Assignment: All of the data must be output exactly, with every picture left out.

(Entries provided)

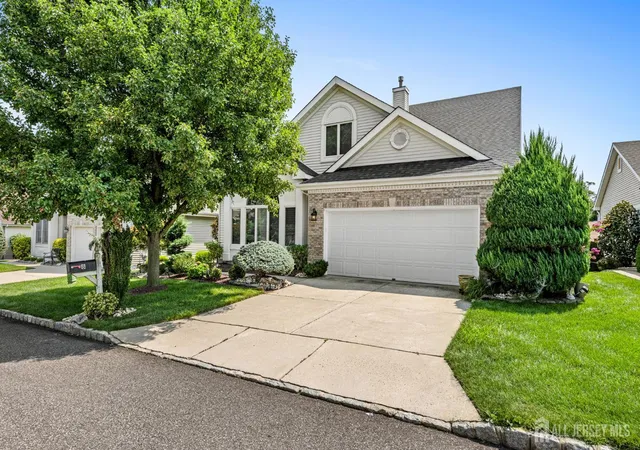 Single family home for sale at 8 Sherwood Dr, Monroe Township, NJ 08831 | MLS# 2701671R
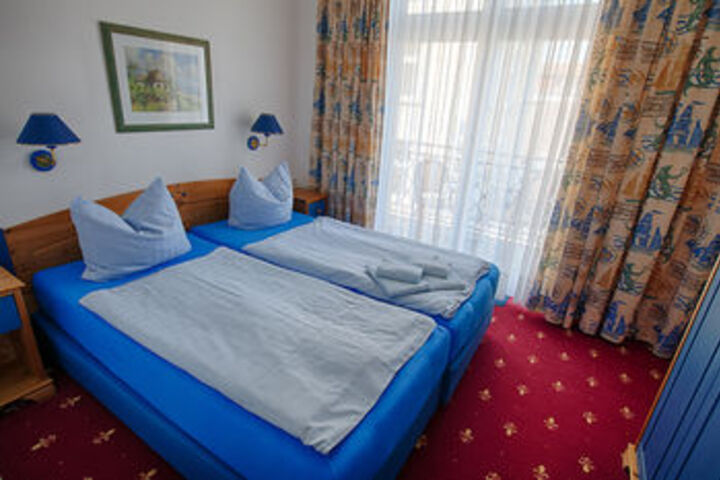 Room 5 of 15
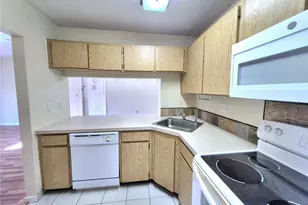 1344 Pine Ridge Cir E, Tarpon Springs, FL 34688 - Photo 12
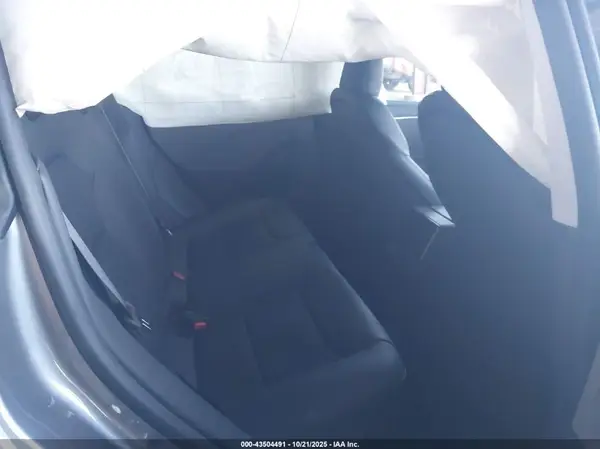 5YJ3E1EA8SF929430 2025 TESLA MODEL 3 - Image 8
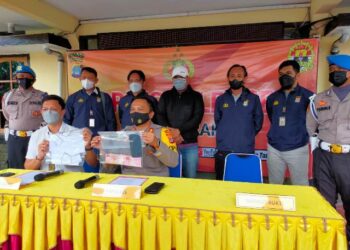 OTT Polres Tarakan, Amankan Seorang PNS KKP Terkait Dugaan Vaksin Berbayar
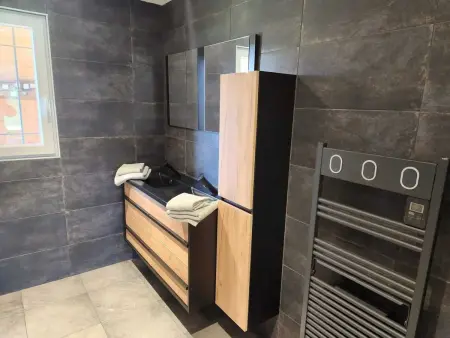 Maison avec piscine privée et cheminée à Arenthon, 10 personnes : photo 44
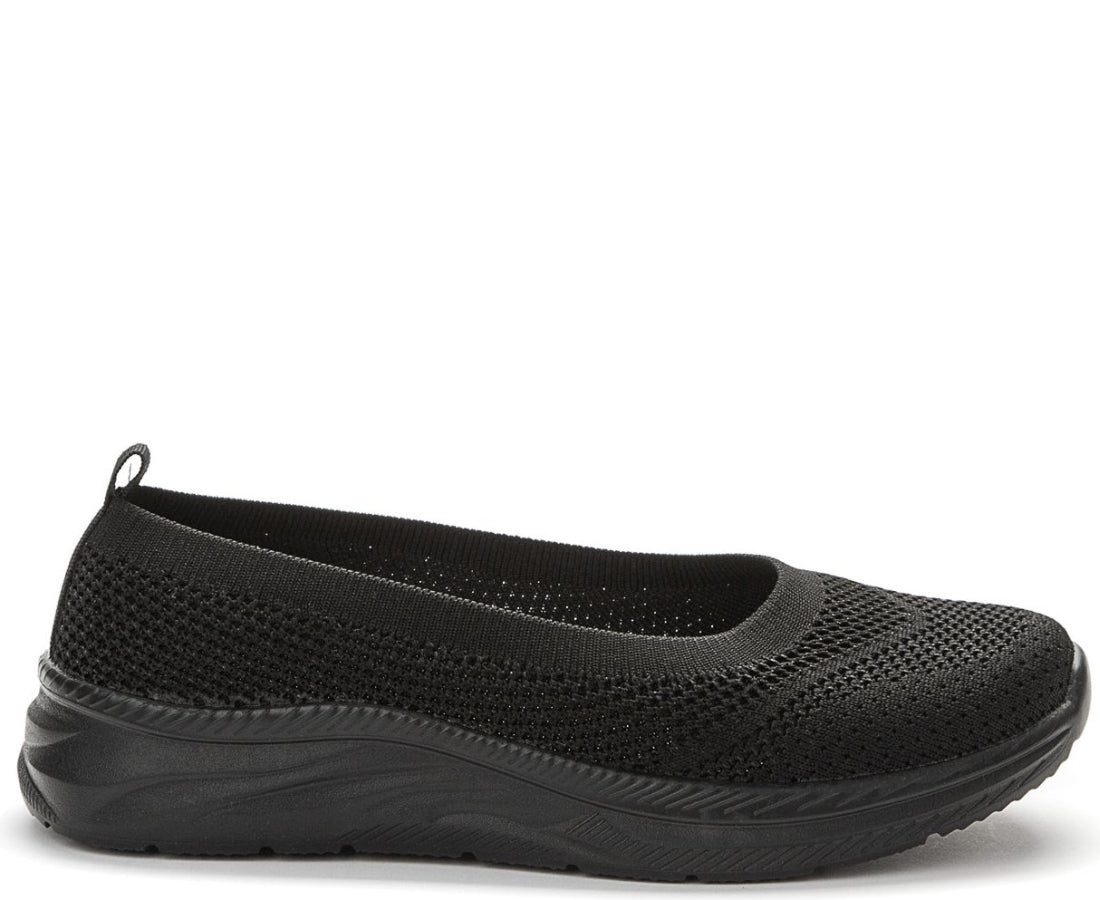 black casual closed ballerinas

(End Entries provided)

Output below:
 Single family home for sale at 8 Sherwood Dr, Monroe Township, NJ 08831 | MLS# 2701671R
 Room 5 of 15
 1344 Pine Ridge Cir E, Tarpon Springs, FL 34688 - Photo 12
 5YJ3E1EA8SF929430 2025 TESLA MODEL 3 - Image 8
 OTT Polres Tarakan, Amankan Seorang PNS KKP Terkait Dugaan Vaksin Berbayar
 Maison avec piscine privée et cheminée à Arenthon, 10 personnes : photo 44
 black casual closed ballerinas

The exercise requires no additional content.